A team of doctors in Delaware seems to have found a breakthrough in treating Alzheimer's disease. Given the fact that Alzheimer's causes major cognitive decline by stripping the brain cells of oxygen, researchers say a kind of vitamin B3 supplement, called nicotinamide riboside, can nudge the oxygen levels back up in the aging neurons.

Age brings some noticeable changes not just to one's appearance but also in their conduct as aging brain cells lead to conditions like memory loss or dementia. According to a study by the National Institute of Health, dementia affects millions of people worldwide, with people aged 85 or older accounting for one-third of the total count. The World Health Organisation (WHO) says there is an estimated 55 million people with dementia worldwide, with 10 million being reported on a yearly basis.

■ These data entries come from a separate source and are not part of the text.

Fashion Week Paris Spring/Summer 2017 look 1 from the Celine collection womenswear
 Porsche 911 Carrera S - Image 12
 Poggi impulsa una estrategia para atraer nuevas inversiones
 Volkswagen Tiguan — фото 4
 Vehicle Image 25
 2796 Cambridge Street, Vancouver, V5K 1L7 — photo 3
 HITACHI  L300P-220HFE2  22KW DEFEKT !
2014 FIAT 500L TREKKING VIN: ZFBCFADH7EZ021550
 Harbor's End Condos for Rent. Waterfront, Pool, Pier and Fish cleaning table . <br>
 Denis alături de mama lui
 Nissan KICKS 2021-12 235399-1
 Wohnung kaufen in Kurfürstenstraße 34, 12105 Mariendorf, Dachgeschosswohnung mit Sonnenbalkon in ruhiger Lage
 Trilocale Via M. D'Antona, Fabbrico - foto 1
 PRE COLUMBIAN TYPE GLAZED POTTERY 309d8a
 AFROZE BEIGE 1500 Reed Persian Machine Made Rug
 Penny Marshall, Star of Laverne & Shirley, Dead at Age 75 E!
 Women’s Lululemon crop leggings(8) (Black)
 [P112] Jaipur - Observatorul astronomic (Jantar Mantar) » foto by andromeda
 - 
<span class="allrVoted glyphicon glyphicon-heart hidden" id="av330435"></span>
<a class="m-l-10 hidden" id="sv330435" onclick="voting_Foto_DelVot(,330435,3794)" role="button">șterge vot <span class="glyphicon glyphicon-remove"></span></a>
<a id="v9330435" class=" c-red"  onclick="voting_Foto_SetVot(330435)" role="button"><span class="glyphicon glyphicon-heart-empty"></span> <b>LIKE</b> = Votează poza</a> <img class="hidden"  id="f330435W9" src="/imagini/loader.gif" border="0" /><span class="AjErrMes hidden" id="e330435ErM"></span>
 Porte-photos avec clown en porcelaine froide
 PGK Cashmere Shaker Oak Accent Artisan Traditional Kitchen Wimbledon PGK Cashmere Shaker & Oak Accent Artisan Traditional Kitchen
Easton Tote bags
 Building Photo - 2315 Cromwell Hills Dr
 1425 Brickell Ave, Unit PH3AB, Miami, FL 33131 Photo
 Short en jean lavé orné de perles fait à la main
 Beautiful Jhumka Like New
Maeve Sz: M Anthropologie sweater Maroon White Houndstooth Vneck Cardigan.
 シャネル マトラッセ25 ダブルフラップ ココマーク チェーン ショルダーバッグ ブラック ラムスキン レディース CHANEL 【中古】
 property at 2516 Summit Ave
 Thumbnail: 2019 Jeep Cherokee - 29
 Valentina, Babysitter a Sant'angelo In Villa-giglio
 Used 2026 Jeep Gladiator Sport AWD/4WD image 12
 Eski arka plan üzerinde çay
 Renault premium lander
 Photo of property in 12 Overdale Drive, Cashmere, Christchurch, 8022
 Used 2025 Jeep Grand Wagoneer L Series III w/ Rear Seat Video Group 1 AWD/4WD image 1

Alzheimer's disease is a kind of dementia that occurs when a protein called beta-amyloid starts to pile up between neurons in the brain. The genetic risk factor is a major determiner of how likely a person is susceptible to the disease. Meaning, if someone has the disease running in their family, they can possibly have it too as they cross 60 years of age.

Years of research have given rise to a great number of theories. Of them, a theory about the lack of energy in the brain gained the most traction among experts. The brain makes up only 2% of the total body mass, yet it is understood to absorb 20% of the body's total oxygen supply. An Alzheimer's-stricken brain has its supply of oxygen hindered, which triggers symptoms like memory loss and difficulties in reasoning.

Those with type 2 diabetes are disproportionately affected by Alzheimer's as the condition makes the brain insulin resistant. This means the cells do not take up glucose for energy and therefore brain's functioning is impeded. To counter this issue, a team headed by Dr. Christopher Martens, director of the Delaware Center for Cognitive Aging Research, decided to explore the promise of a molecule, called nicotinamide adenine dinucleotide or NAD+, in improving the brain's energy metabolism, Medical News Daily reported.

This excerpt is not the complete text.